16 thoughts on “Keystone protestors to surround White House, Nov. 6th”

  1. I agree that the Keystone protest is much more focussed and targetted, and hence more likely to acheive a specific result. The Occupy movement also has a role. Both raise awareness.

    I wonder which has the greater potential of effecting change, or of alienating the majority of people. I think Keystone for the former and Occupy for the latter.

  2. Go ahead, surround the whitehouse. I’m sure no one will percieve it as a threat. Go ahead. No really.

    I can’t wait for this to be shown on tv; I’ll get the popcorn and beer ready, this should be entertaining.


  3. The event organizers have a good working relationship with the Park Police and the Secret Service, and both of those organizations know what to expect.

    The organizers also have a team of over 100 monitors and marshals ready to make sure everything goes smoothly.

    The two-week protest this August and Septembet went completely smoothly, with no violence of any kind.

  4. “The two-week protest this August and Septembet went completely smoothly, with no violence of any kind.”

    And no media coverage either.


  5. Actually, the Keystone XL protests got lots of media coverage and really raised the profile of the issue in Canada and the United States:

    Before the protests, it seemed virtually certain that approval for the pipeline would be granted by the Obama administration. Now, it seems there is a decent chance the pipeline will be rejected.

    The protest surrounding the White House tomorrow should improve the odds of rejection still further.

  6. Fact Check: Keystone XL will not reduce oil imports from Middle East

    The Keystone XL tar-sands pipeline will not reduce dependence on imports from the Middle East, an analysis conducted for the Department of Energy revealed a year ago. The hope of getting away from oil from the volatile region is a favored talking point by proponents. “The Keystone project has the potential to significantly reduce oil imports from the Middle East,” Rep. Ed Whitfield (R-Ky.) has claimed. However, an analysis by Department of Energy contractor Ensys Energy in December 2010 found that the pipeline would have virtually no impact on Middle East imports [PDF]

  7. Not only did the Keystone Protests in Washington generate media coverage, they generated postive media coverage because of the respectful way in which the protesters behaved. We have read about protests that where violent protesters generate a negative impact because of their violence. This is not the case with the Keystone civil disobedience protest.

  8. Oops, today is November 7th and the Keystone protest generated almost zero media coverage yesterday.

    This foreshadows the upcoming climate meeting in Durban, I predict almost no media coverage there either. No leaders are going to be there, I’ll wager even Al Gore himself will find an excuse to not attend. Of course some protester will show up to make noise and get arrested. Oh well…


  9. Klem,

    I noticed today in my (unmodified) Google news feed, the very first article in the business section was a Wall Street Journal article about Keystone, with 764 other sources reporting the story. The article mentions the protests and environmental opposition.

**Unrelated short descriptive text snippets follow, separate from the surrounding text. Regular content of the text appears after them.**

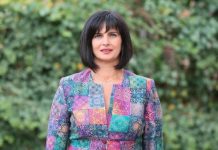 Un deputat PSD din Cluj va vota pentru învestirea Guvernului Orban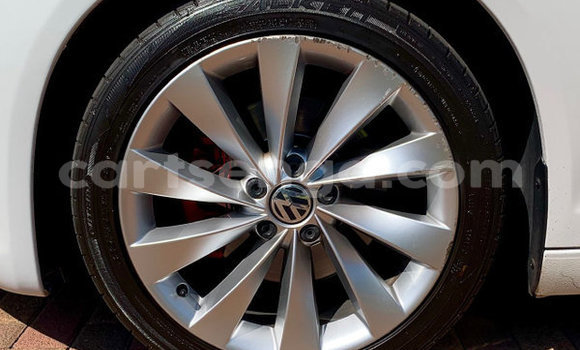 Nunua Ilio tumika Volkswagen Scirocco White Gari ndani ya Hlatikulu nchini Wilaya ya Shiselweni Nunua Ilio tumika Volkswagen Scirocco White Gari ndani ya Hlatikulu nchini Wilaya ya Shiselweni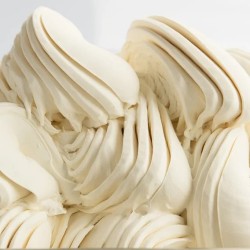 BAZA DO LODÓW 50 JOYBASE PASSION CREAM (1 KG)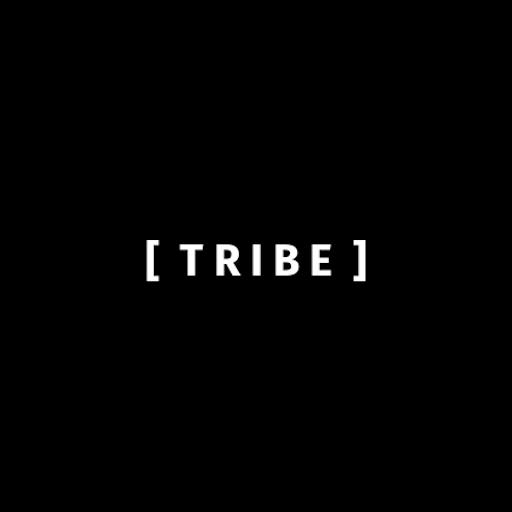 Tribe icon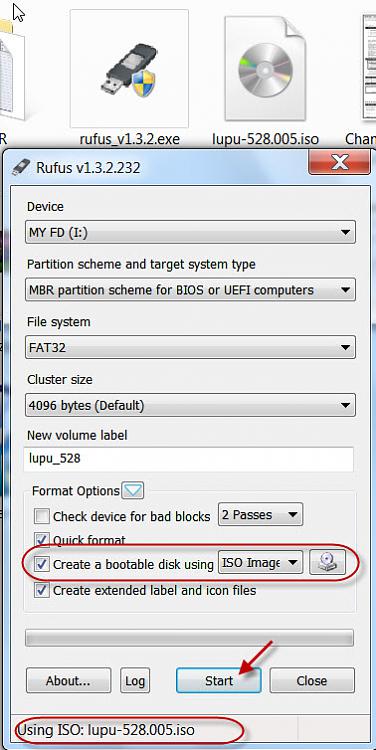 Previously functional USB3 external hard drive shows not initialized-30-03-2013-09-17-07.jpg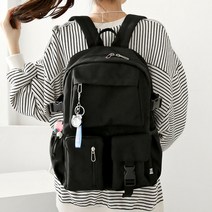 딕피스트 882백팩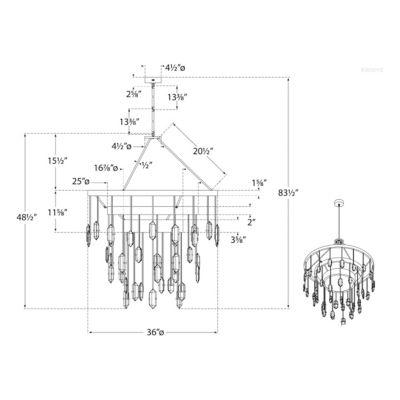 Lumens/VISP155354_sp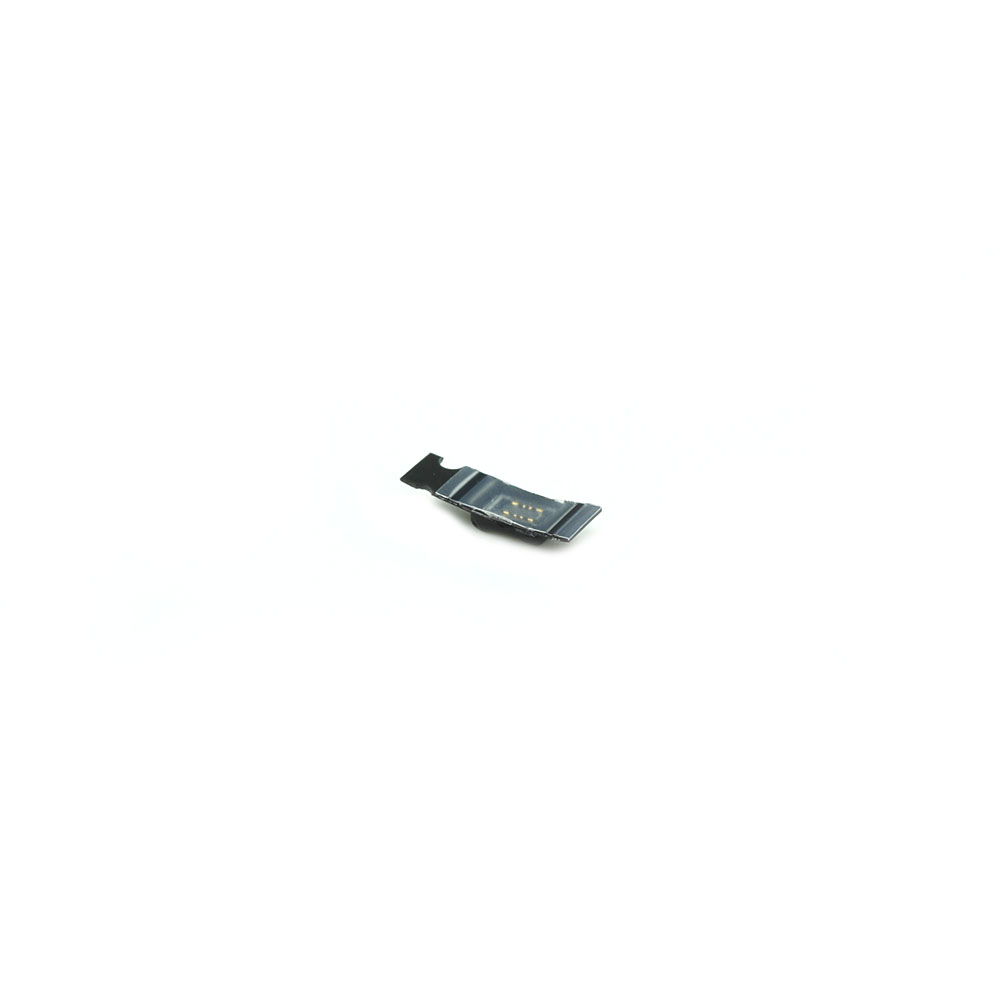 Samsung Moederbord-batterij-FPC-connector voor Samsung Galaxy A52S 5G OEM-Equivalent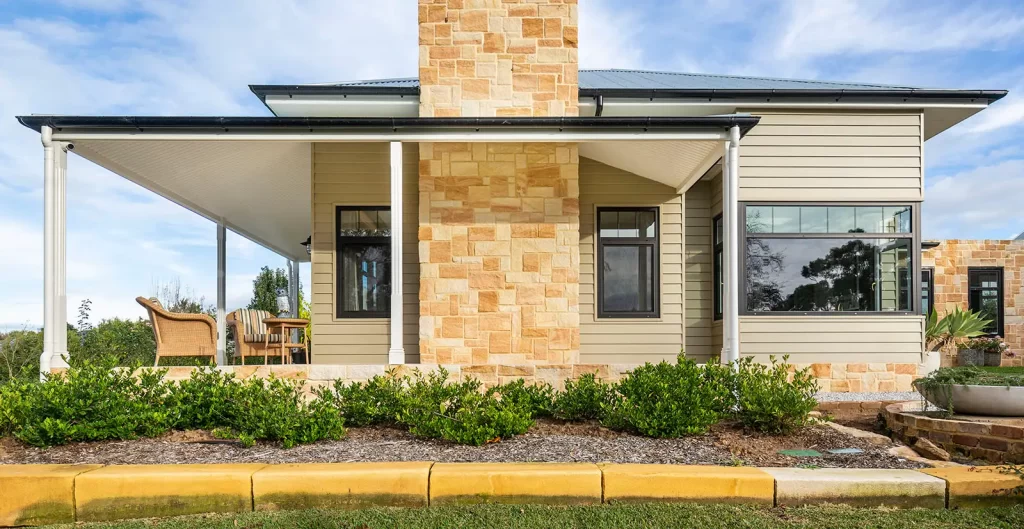 uPVC Windows uPVC Windows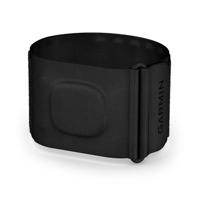 Garmin Index Sleep Monitor, Slimme slaap tracker, Inzicht in je gezondheid en herstel, batterijduur tot wel 7 nachten (S/M) - thumbnail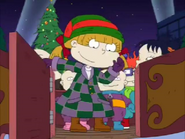 Rugrats - Babies in Toyland 464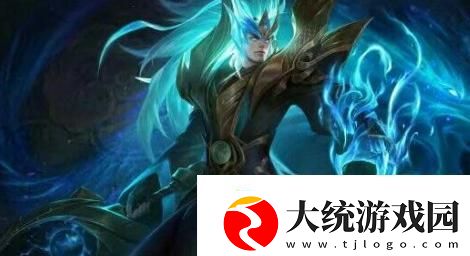 青龙志2021年会返场吗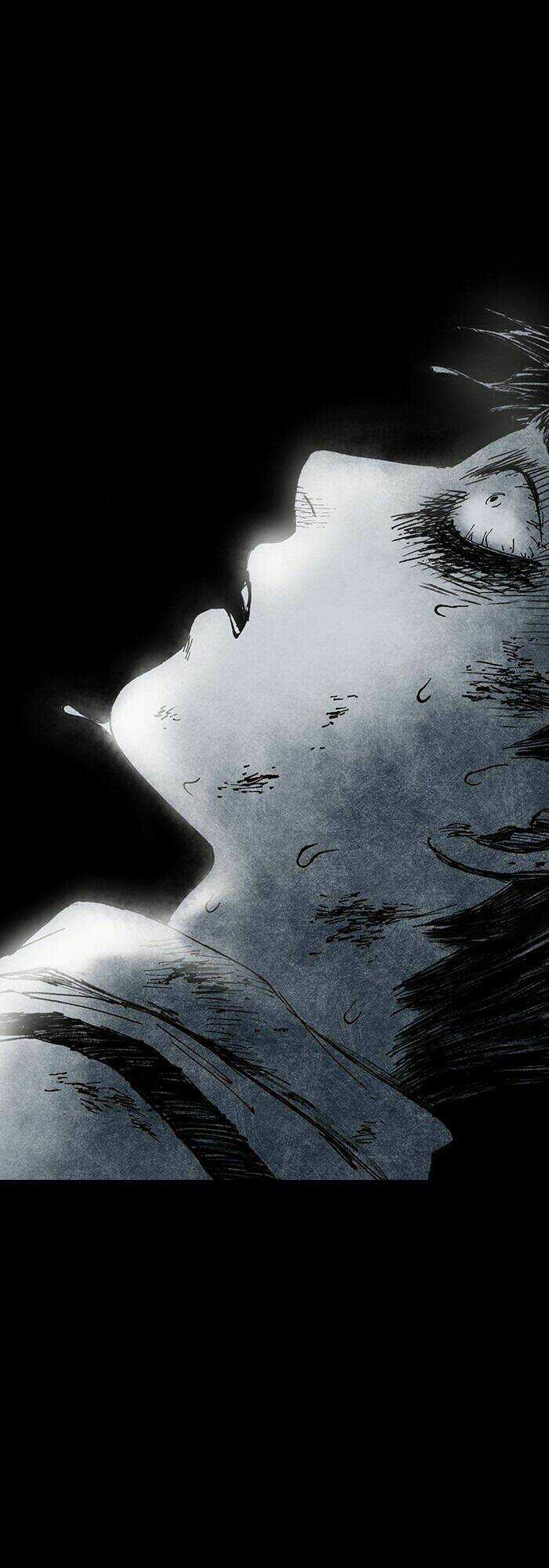 Distant Sky Chapter 16 trang 16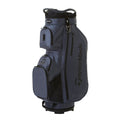 TaylorMade Pro Cartbag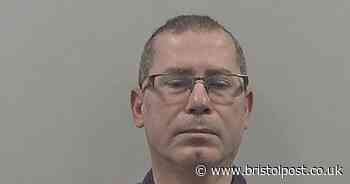 Jailed doctor who recorded undressed patient ordered to pay £50,000 in damages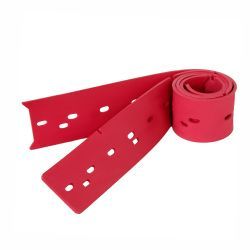 Набор скребков Euroclean стандартные резиновые 2 шт для FIMAP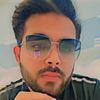 younasrao276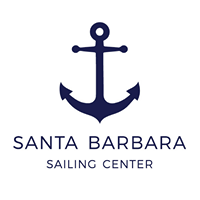 Santa Barbara Sailing Center logo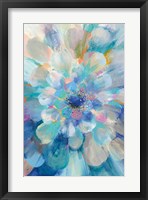 Intensity II Fine Art Print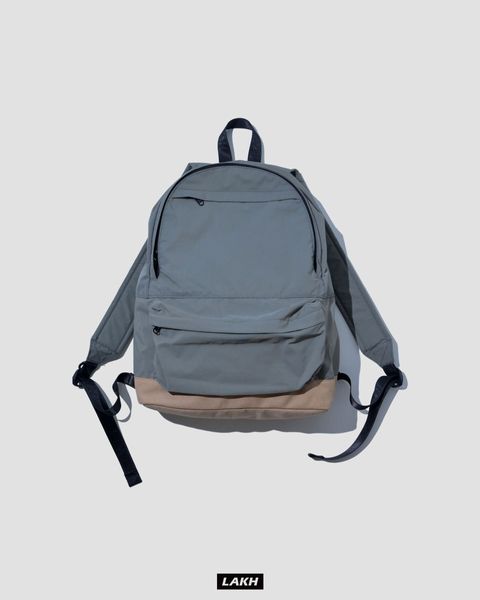 Copy of Essential Daypack_3(1)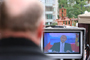 Путин: экономика России вернется на докризисный уровень к середине 2011 года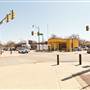 Plaza District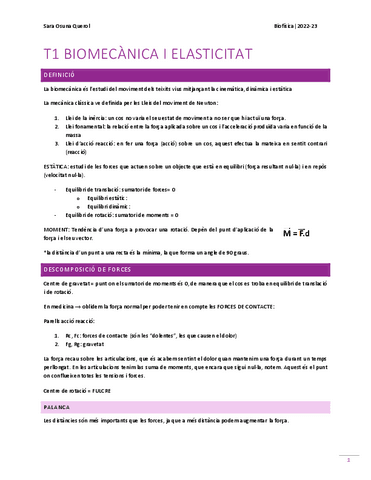 biomecànica + seminari.pdf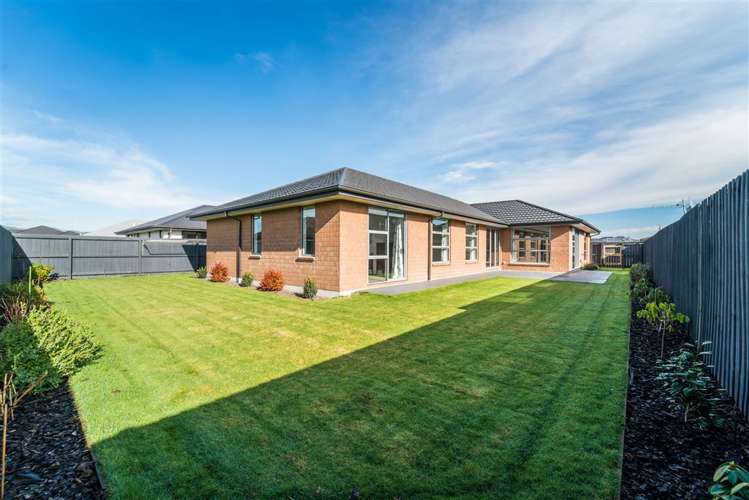 5 Mckendry Road Wigram_7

    But, that aside, media coverage is not a reliable metric of something’s merit.

  10. I also saw a large number of news stories earlier today:

    I agree with Matt, however, that media coverage isn’t an unproblematic measure of merit.

  11. I guess I was wrong, there was a short piece yesterday about the protest on the third page of my local paper. That’s more than I expected I’ll give you that. Not bad.

  12. A key measure of success is the decision of the Obama administration to revisit the Keystone XL pipeline. I see this as even more important than the amount of media coverage of the protest. (which co-incidentally seemed quite evident in the Canadian media.)